But it is true that power dynamics are ever present, and patriarchy hangs out every where- even in the bedroom. Judgement sucks, rejection sucks, and holding back sucks, and there never seems to be a way to win. Which is also the problem, cause it shouldn't be a win/loss scenario. It should be an equal exchange.

It means as a woman I might get sex, might get love, might get respect- but possibly never receive all three simultaneously since they seem to be mutually exclusive or otherwise conflicting. Which is ridiculous, and hard for me to comprehend, because I am able to maintain all three simultaneously for others, without feeling taxed by the process. At least that is until it becomes clear, when talking abut interactions with men, that the shift has happened for them.

They have lost respect, cause apparently doing x was too much and only b and c were ok on whatever number of date we were on, or in whatever length of time. It is both a curse and a blessing to be comfortable in your body as a woman. Sure I can know who I want, what I want, how I want, etc... but to ask for it or put it out there leads to the end.

As far as love goes, it seems like most men feel love is some sort of scarce commodity they have to stockpile up and be really stingy with. Like they can't make more, or it wont replenish if they give it away readily and openly. I don't think love is all that complicated or difficult as we make it out to be. I still have love for all my consensual lovers/partners, because there was something about them that I loved enough to feel comfortable sharing aspects of myself with them in the first place.

And if women were respected, it would be assumed we are capable of making our own choices and those choices would be respected and honored for their honesty and trueness to self and our own needs.
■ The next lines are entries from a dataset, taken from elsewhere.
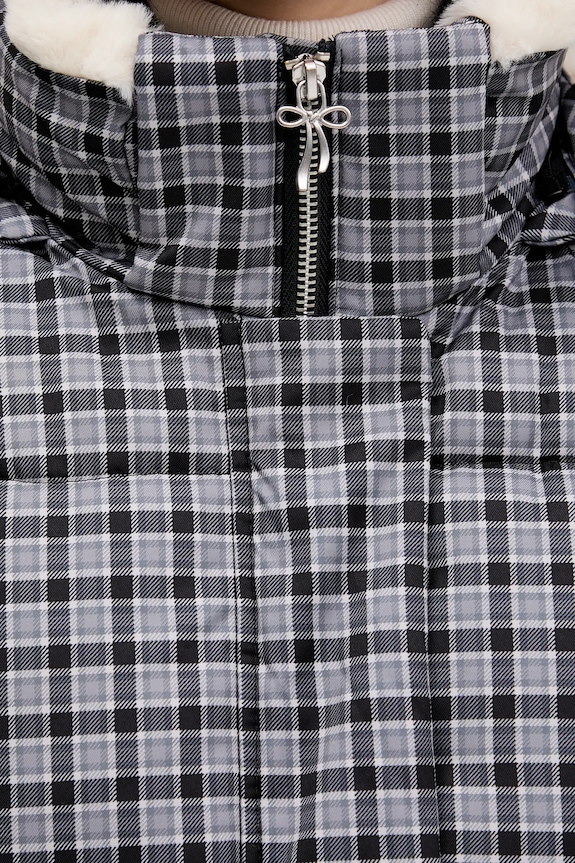 Μπουφάν Hollister Co. KI344.5066.910 γκρί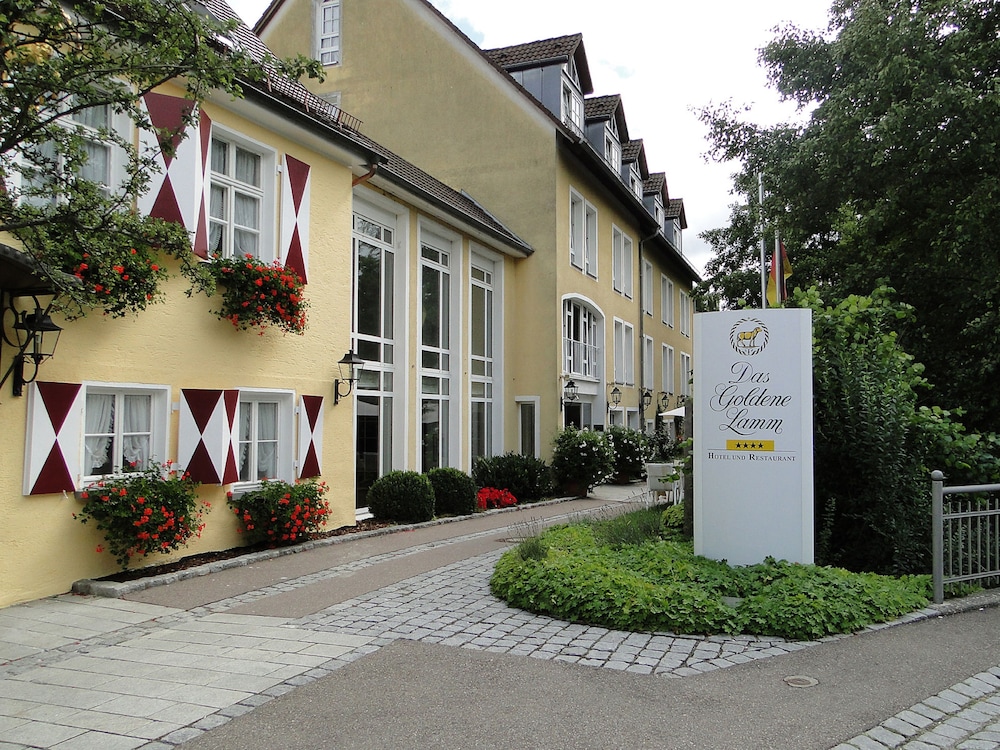 Das Goldene Lamm Aalen in Aalen, Germany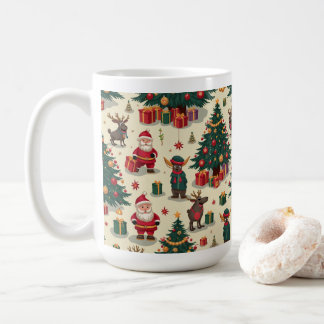 christmas mugs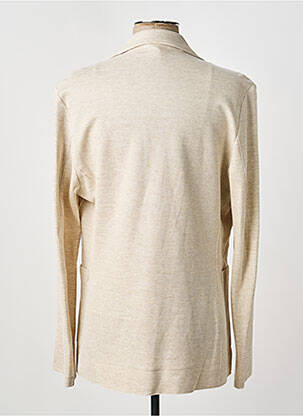Blazer coupe cintrée beige BOB homme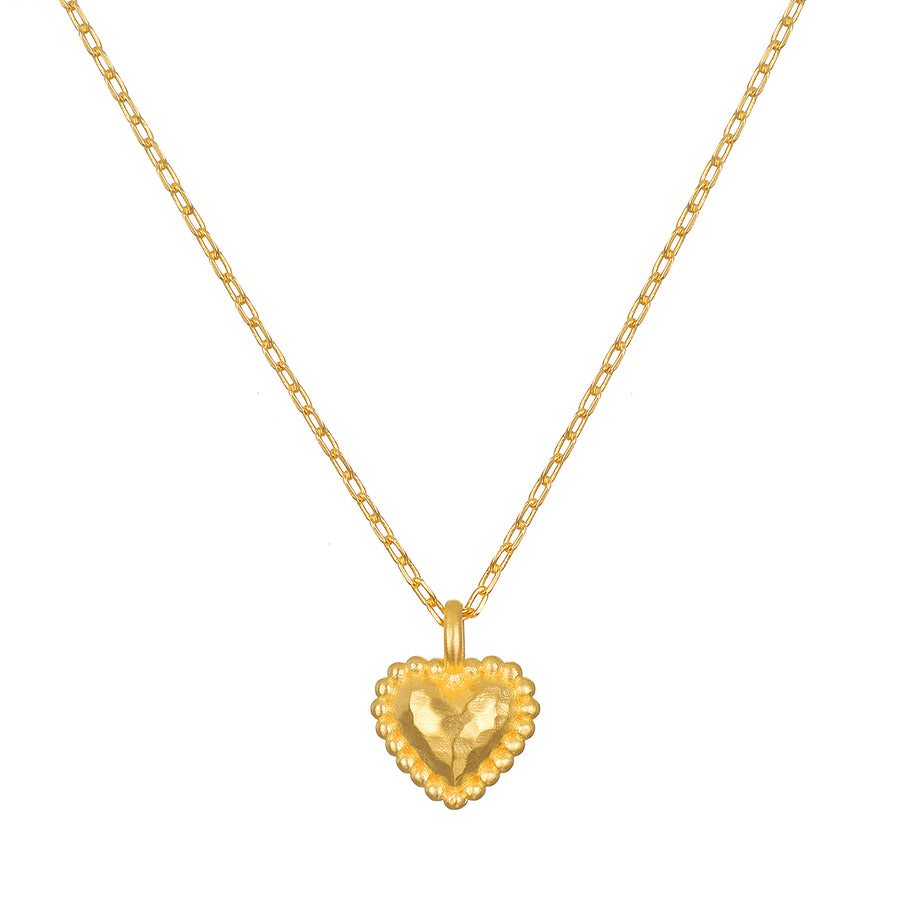 True Heart Pendant Necklace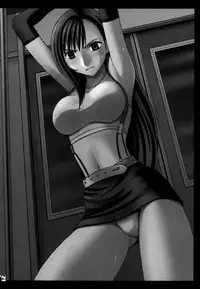 [Crimson (Carmine)] Kaikan Soushuuhen (Final Fantasy 7) [Chinese] [靴下汉化组] [Digital]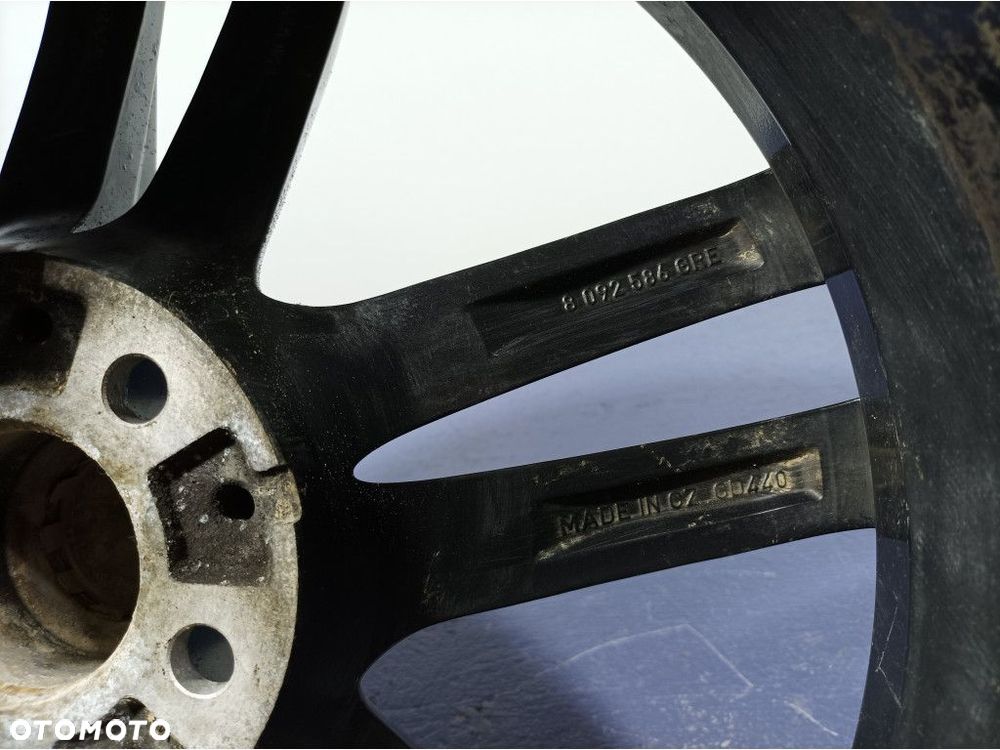 BMW 7 G11 G12 LIFT FELGA ALUMINIOWA 5X112 8.5JX19 ET 25 8092586 7850579 - 10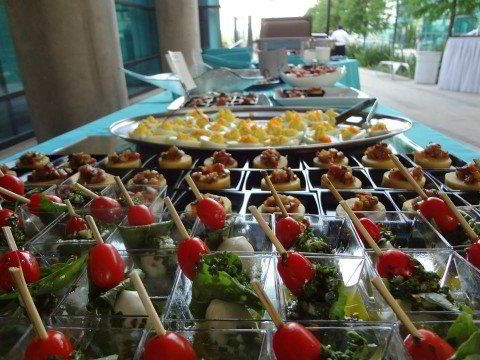 Full Service Catering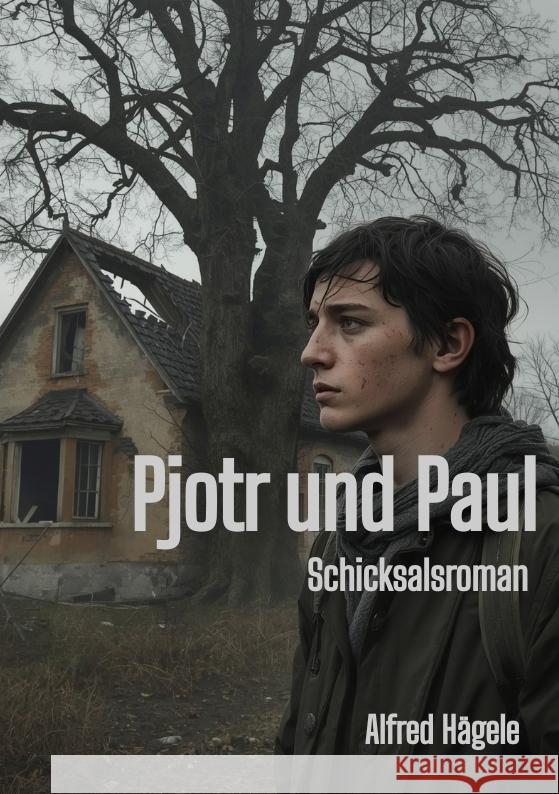 Pjotr und Paul Hägele, Alfred 9783384531629 tredition - książka
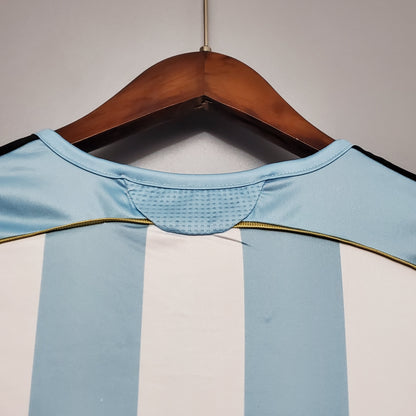Argentine Retro Home 2006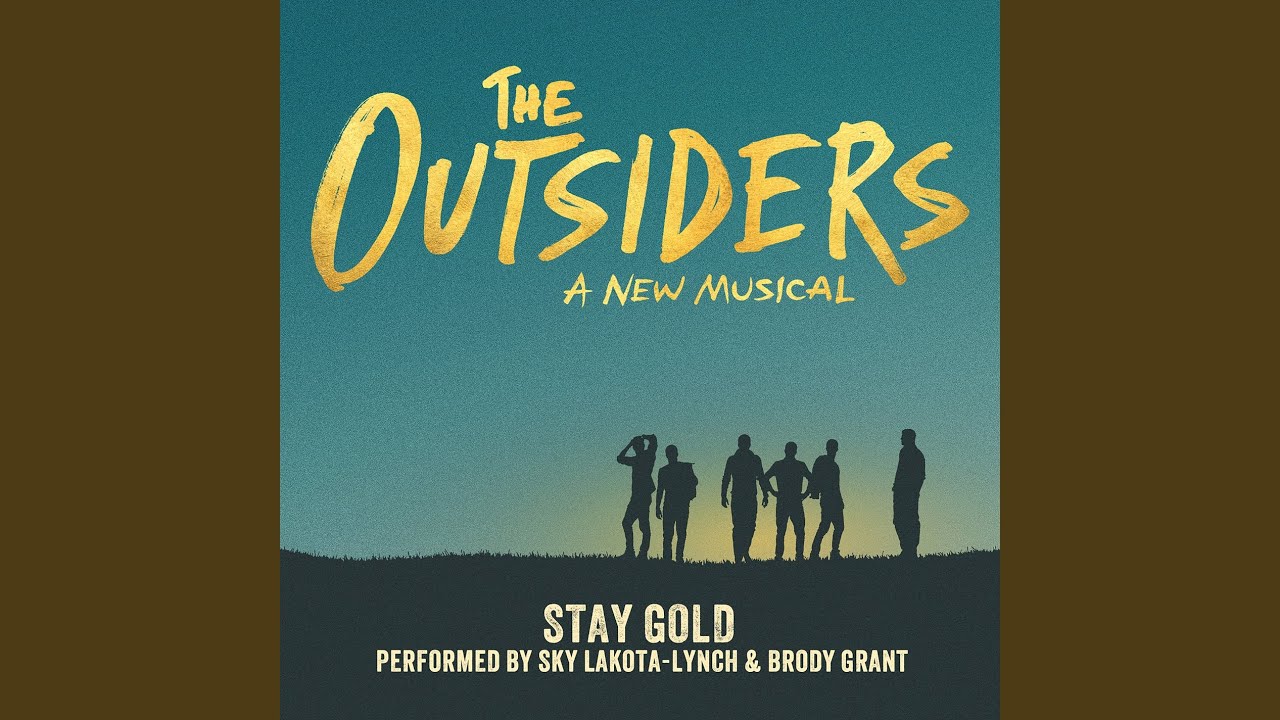 Stay Gold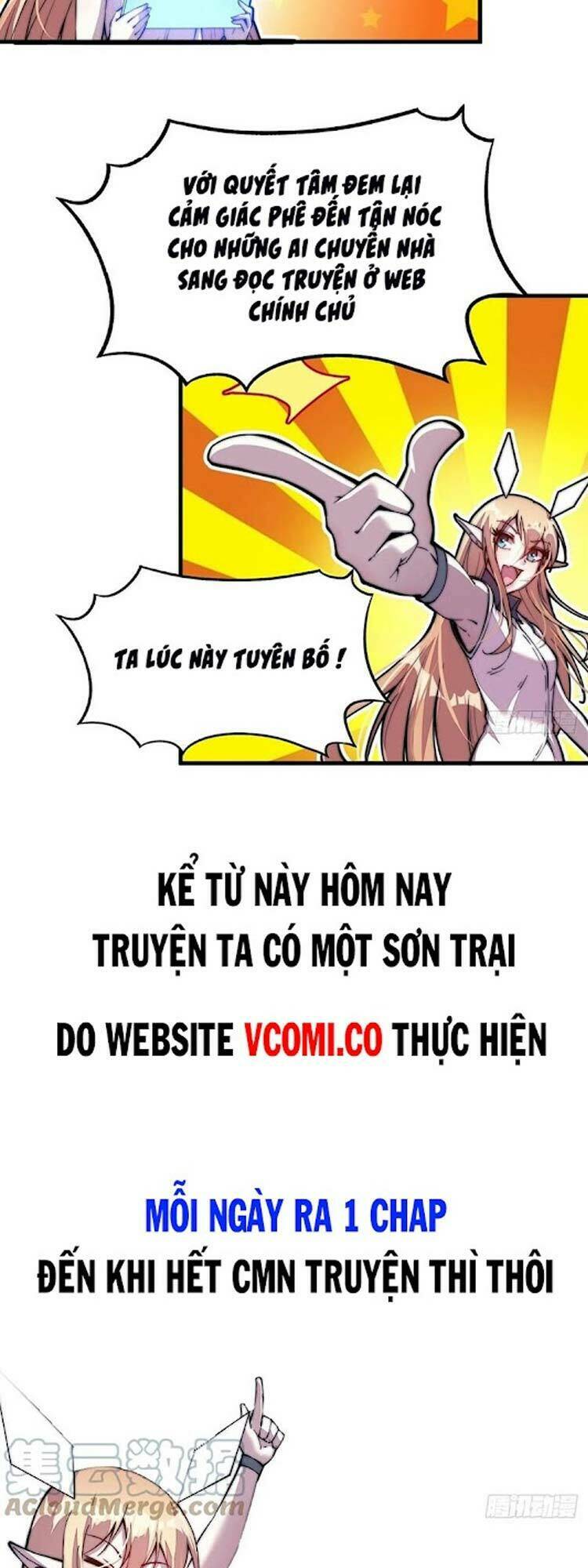 Ta Có Một Sơn Trại Chapter 380 - Trang 21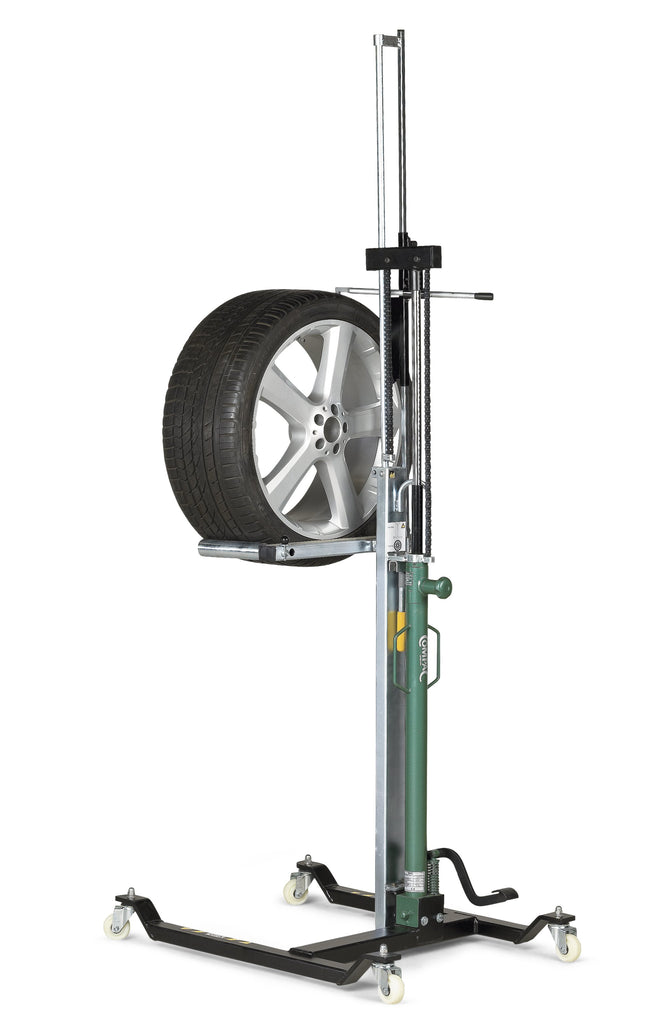 Wheel lifter 60 kg. for car, EVs, SUVs, 4WD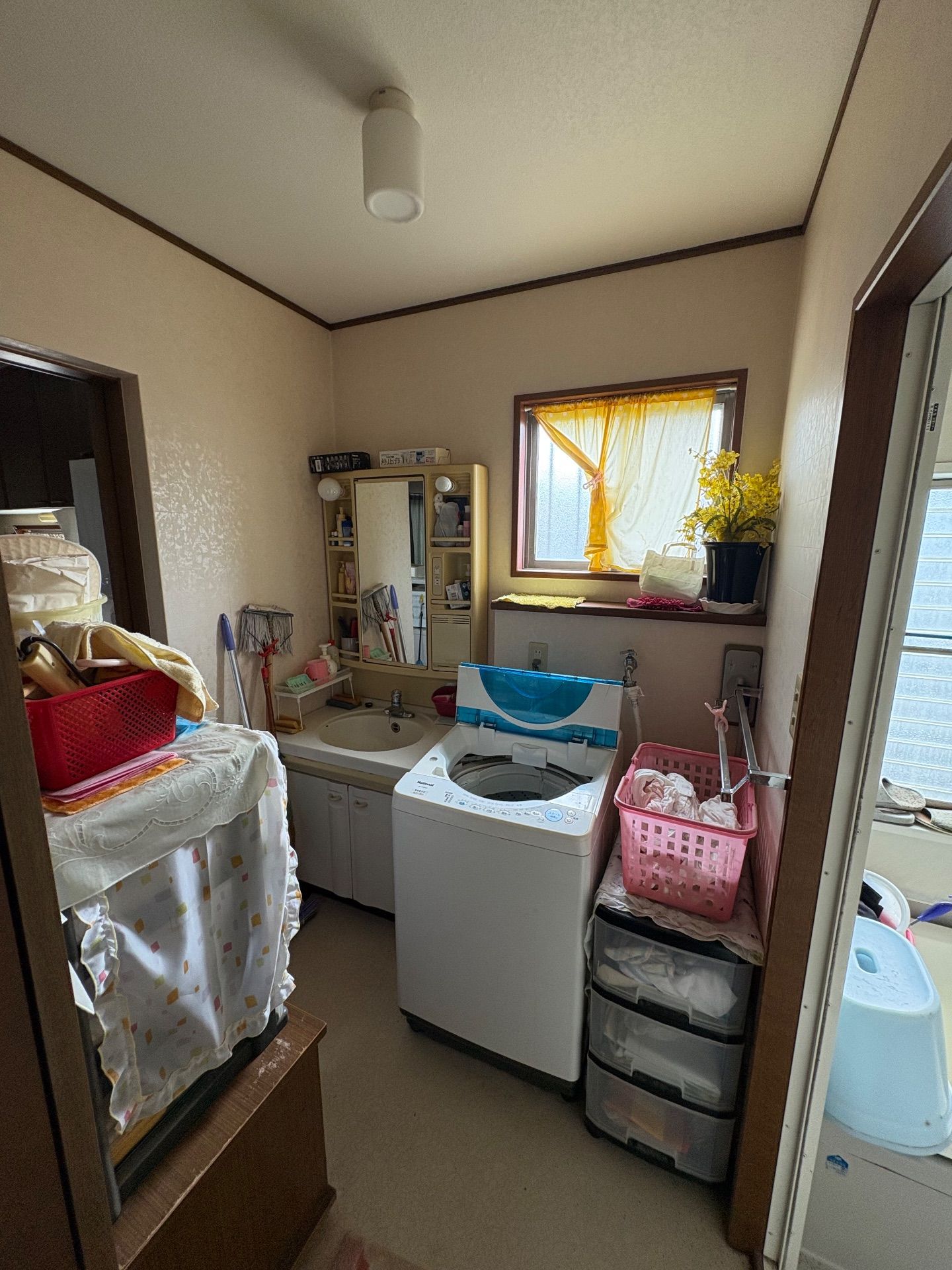 モダンなRC造の家（Before（再生前） 写真1）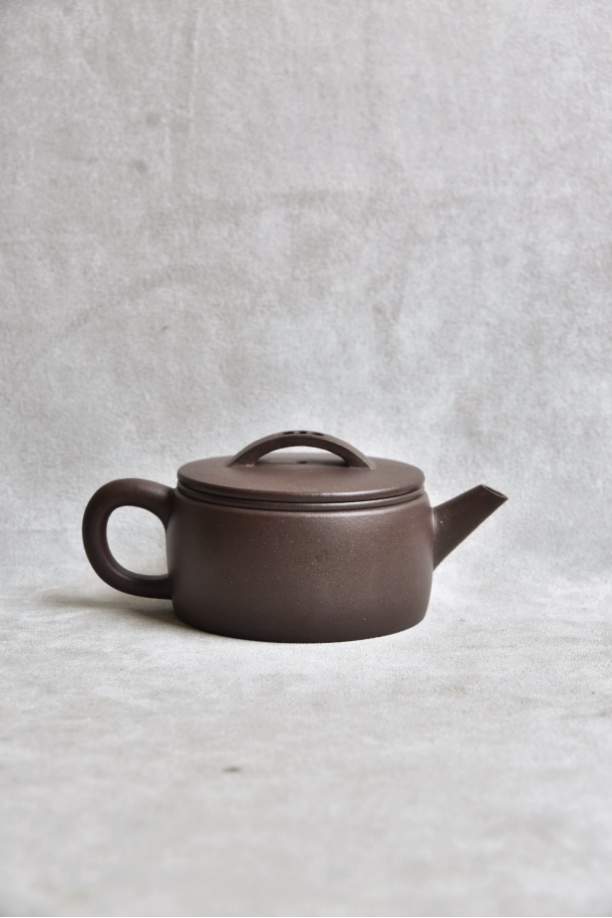 全手工汉瓦245ml，60目台西底槽青手工泥，手磨手锤0添加无真空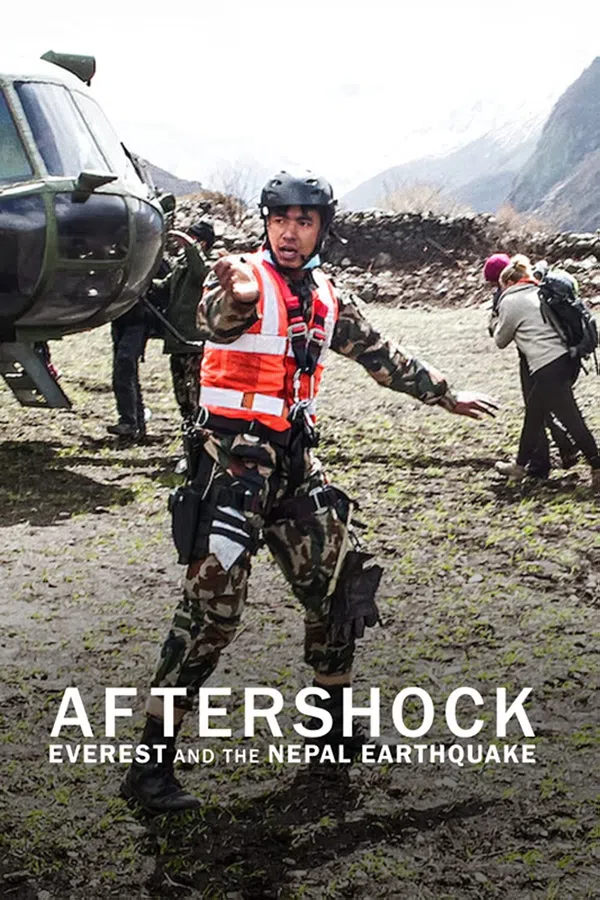 Xem Phim Dư chấn: Everest và vụ động đất tại Nepal Vietsub HD Online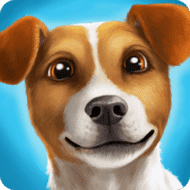 Download DogHotel - Play with Dogs (MOD, Coins/Unlocked) 2.1.2 free on android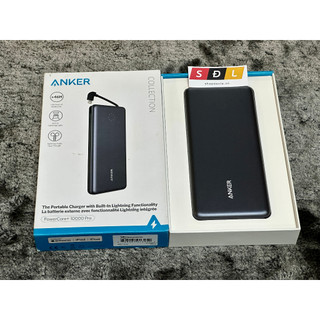 Sạc dự phòng Anker PowerCore+ 10000 Pro A1233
Especially when women being satisfied makes the world a better place, you'd think everyone would put more effort into making that happen, and be appreciative when women are making the space for that satisfaction.

Greg said...

Interesting post. I actually quite enjoy hearing straight people's takes on the whole one-night-stand/dating/relationship power dynamics (and games -- you know, the whole, "It's his responsibility to call me...", "It's only been two days, so I can't call her back just yet...", etc.). I even remember there was this one girl I used to work with who had been dating a guy for about a year or so and she was, get this, waiting for him to ask her to move in. WTF? If you're dating for a year and can't have a serious conversation about where your relationship is going, isn't that pretty sad? I've also heard of a lot of girls in LTRs who say stuff like "If he doesn't ask me to marry him in X amount of time, then I'm breaking up with him." Seriously, how screwed up is that?? I often find that in straight relationships there is such a lack of clear and honest communication because people are so intent on playing their male or female "role."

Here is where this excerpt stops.